Kitap güzel çocukluk anılarıyla başlıyor ama hikayedeki o hüzünlü anlatım hemen ele veriyor böyle mutlu devam etmeyeceğine, kah sinirlenerek, kah yumruğumu ısırarak okudum tüm kitabı. Kimi yerde Emir'e hak verdim kimi zaman Assef'e tükürükler saçarak küfürler ettim. Normal mi bilmiyorum da bir duygu patlaması yaşadım kitap boyunca. Yapılan çirkinliklere göz göre göre sessiz kalmak, içten içe hasetin iyiliği bastırması...

Afganistan'da güzel (?) çocukluğunu bırakarak Amerika'ya gelen Emir'in yıllar sonra memleketine dönüşü ve geçmişiyle yüzleşmesi o kadar güzel aktarılıyor ki, kitap okumuyorsun da sanki yakın bir arkadaşın sana başından geçenleri anlatıyor gibi. 

Aslında üstünde durulan tek şey 'vicdan' belki de bu kitapta. Herkes vicdanıyla yüzleşiyor zamanı gelince, ama acı çeken çektiğiyle kalıyor o ayrı.
Ama asıl benim içimi buran şey ise, Taliban Afganistan'ın başına geldiğinde yeşeren umutların zamanla yok olması, şeriatın o lanet hükmünün sürmesi.
Kendine müslüman diyen peynir beyinlilerin asıl kendilerini allah'a şirk koşarak yaptıkları şeyler çileden çıkarıyor insanı.

* Bir kadın sesi erkeği tahrik ediyor diye asla konuşturulmuyor ve konuştuğu takdirde katlediliyorsa
*Sebepsiz evler yıkılıyor, ırkı/mezhebi farklı diye bir insan öldürülebiliyorsa
*Herhangi bir nedenle sesi yükseldi diye birinin kafasına kalaşnikof dayanıyorsa
*Tüm bunları hak yoluna yapıyorum diye bir de ufacık çocukların ırzına geçiliyorsa varsın öyle müslümanlığa lanet olsun.

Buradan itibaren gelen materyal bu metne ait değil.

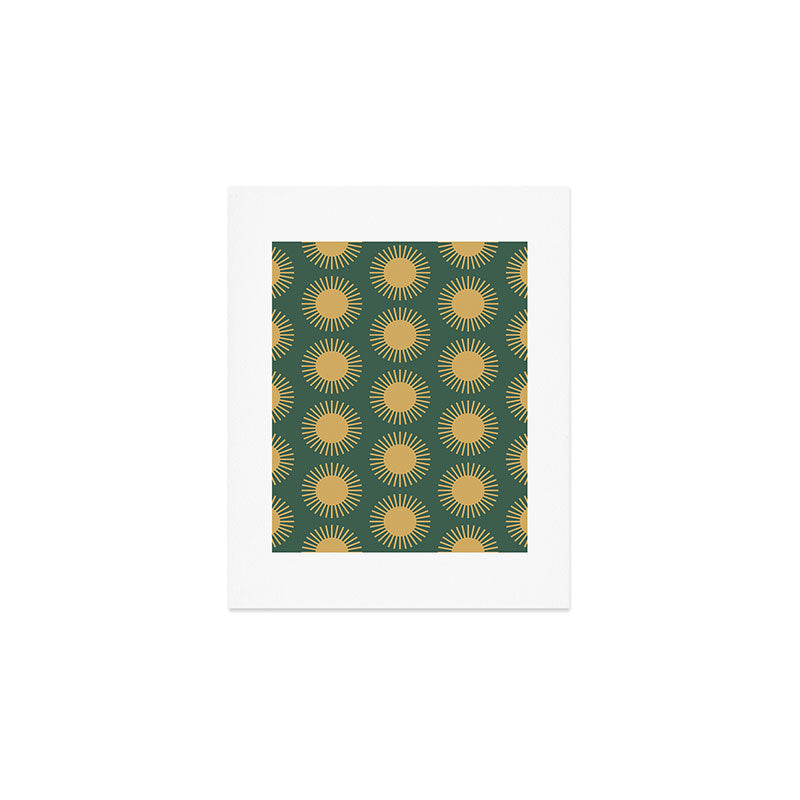 Boho Summer Sun Pattern X Kelly Green and Yellow Art Print Gallery Image 1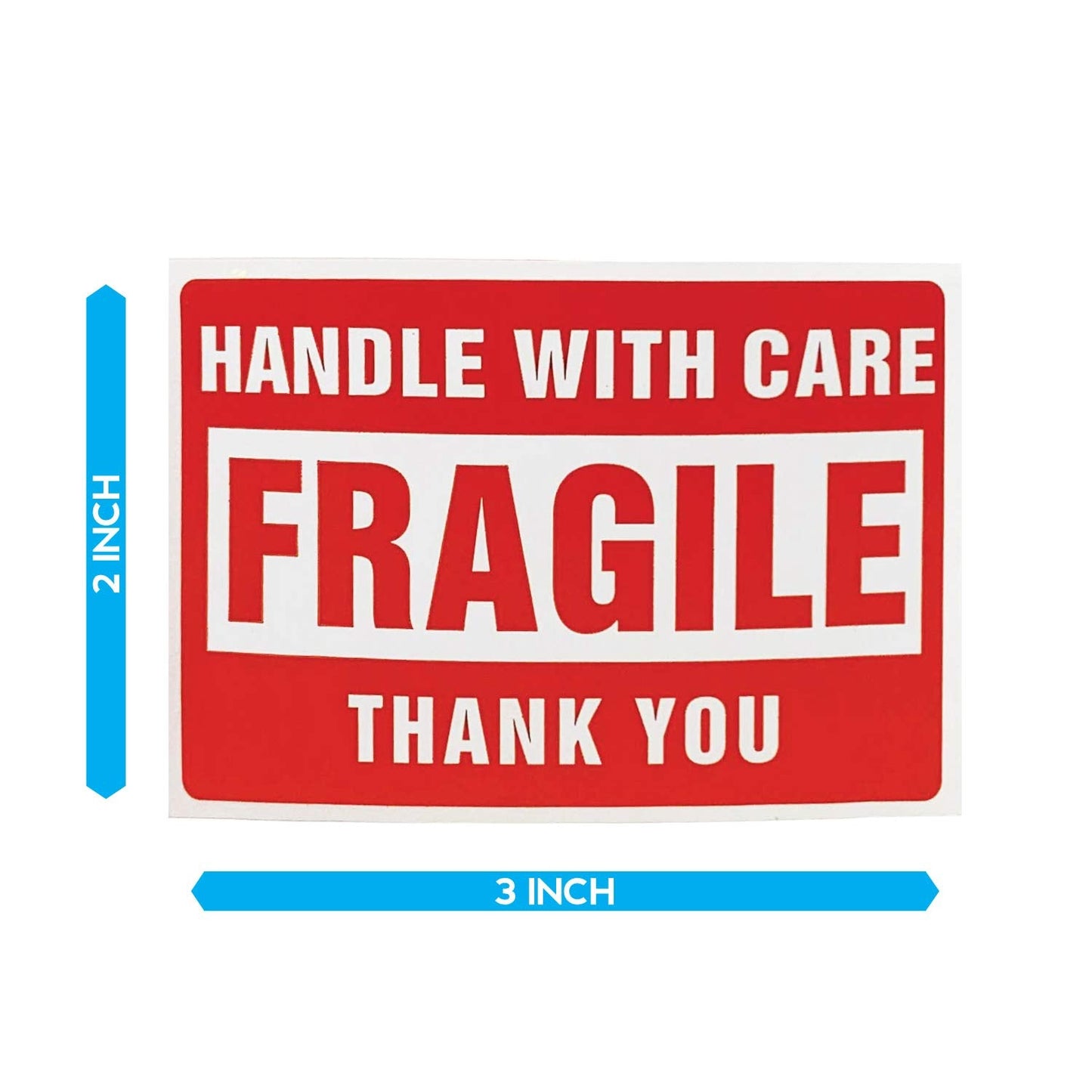 Buhbo Fragile Sticker 2" x 3" - Handle with Care - Shipping Label (500 Labels Per Roll) 1 Roll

Ama okunsun, yıllarca bestseller olmaya devam etsin bu kitap, özellikle de Türkiye'de. Herkes okusun, şeriat istiyorum diyen, şimdi sokaklarda fink atan o kadınlar görsün başlarına neler geleceğini.

" Hasan'la bakıştık. Sonra da kahkahaları koyuverdik. Britanyalıların yüzyıl başında, Rusların da 1980lerde öğrendiği şeyi yakında bu Hintli çocuk da öğrenirdi: Afganlar bağımsız insanlardı. Afgan halkı gelenekleri sayar ama kurallardan iğrenir. Aynı şey uçurtma savaşında da geçerliydi. Tek bir kural vardı; o da kuralsızlık. Uçurtmanı uçur. Rakibinin ipini kes. Hadi şansın açık olsun!"

"Baba'nın beni futbol maçlarına getirdiği 70'li yıllarda yemyeşil olan bu saha şimdi berbat haldeydi. Oyun alanının her yanı delikler, çukurlarla doluydu; en göze çarpanı da, güney uçtaki kale direklerinin arkasındaki bir çift derin çukurdu."

"Sohrab'ın suskun olduğunu söylemek yanlış olur. Suskunluk, huzur içeriyor. Sakinlik, dinginlik. Yaşam düğmesinin sesini kısmak gibi. Sessizlik ise düğmeyi kapatmak. Kesmek. Tamamen durmak."